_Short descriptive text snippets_
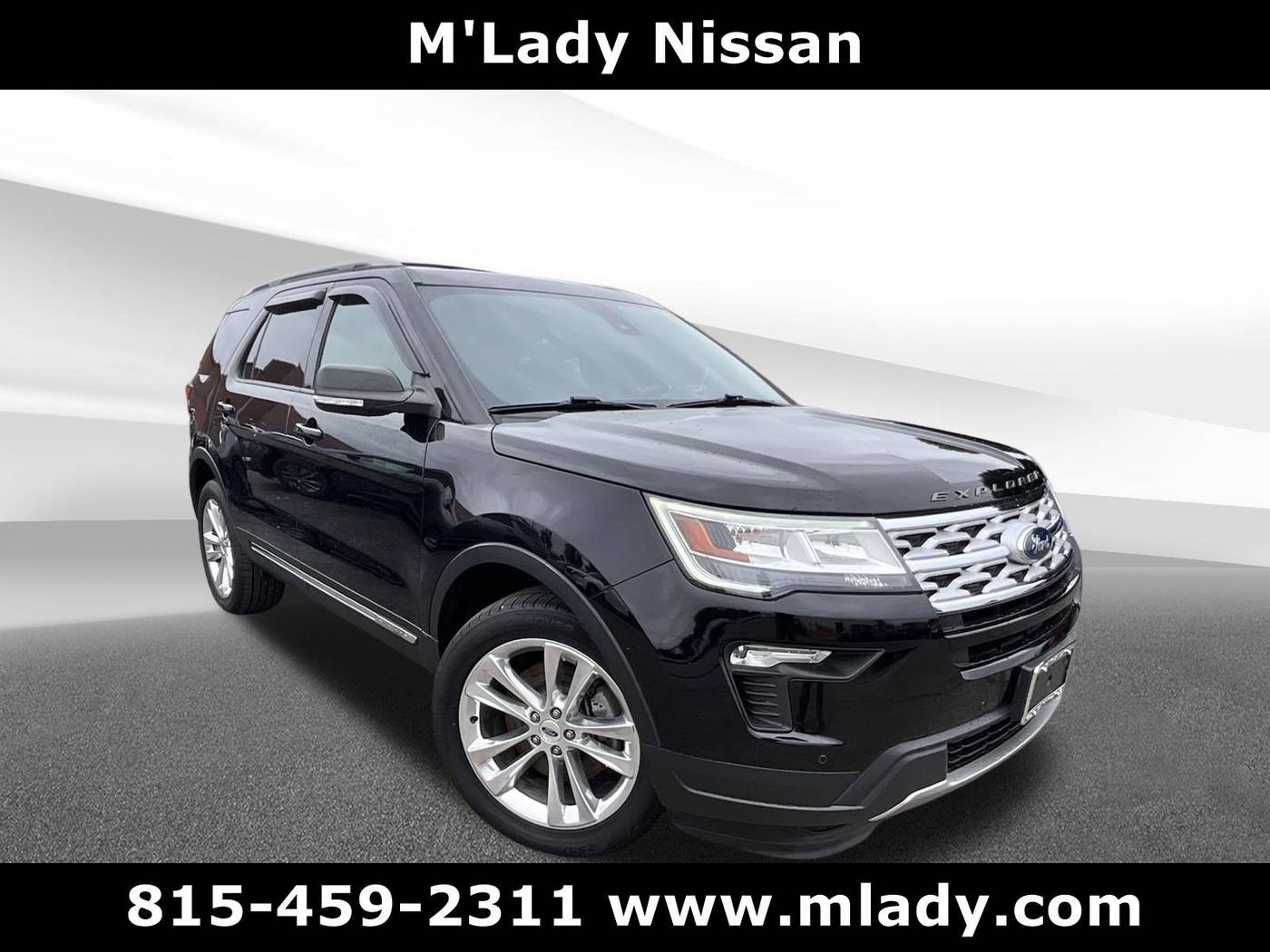 2019 Ford Explorer XLT — SUV — 68,324 mi — Crystal Lake, IL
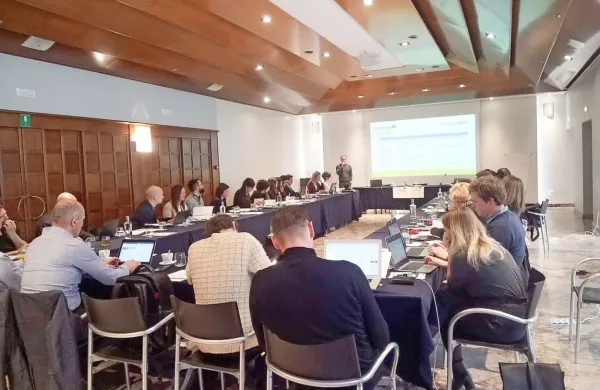 V projektu Diva sodeluje 15 partnerjev, ki so se pred kratkim  v 
Benetkah srečali na uvodni konferenci.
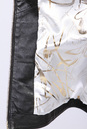Женская кожаная куртка из натуральной кожи с воротником, отделка кролик 0901247-3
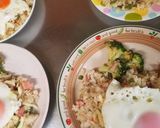 ベーコンのピラフ風作り方7写真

_Task brief_
An exact copy of every entry, pictures left out, is what to write here.

_Exercise solution_
 2019 Ford Explorer XLT — SUV — 68,324 mi — Crystal Lake, IL
 V projektu Diva sodeluje 15 partnerjev, ki so se pred kratkim  v 
Benetkah srečali na uvodni konferenci.
Женская кожаная куртка из натуральной кожи с воротником, отделка кролик 0901247-3
 ベーコンのピラフ風作り方7写真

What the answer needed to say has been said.